§ **Task to carry out**: Return the lines below exactly, starting with the line that contains "Illinois Travel B&W No 5 Poster" and stopping after the last line.

§ **Dataset section**:
----------

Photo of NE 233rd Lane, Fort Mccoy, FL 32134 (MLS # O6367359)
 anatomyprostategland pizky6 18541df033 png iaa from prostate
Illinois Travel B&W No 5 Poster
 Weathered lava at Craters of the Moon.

----------

§ **Task output**:
Illinois Travel B&W No 5 Poster
 Weathered lava at Craters of the Moon.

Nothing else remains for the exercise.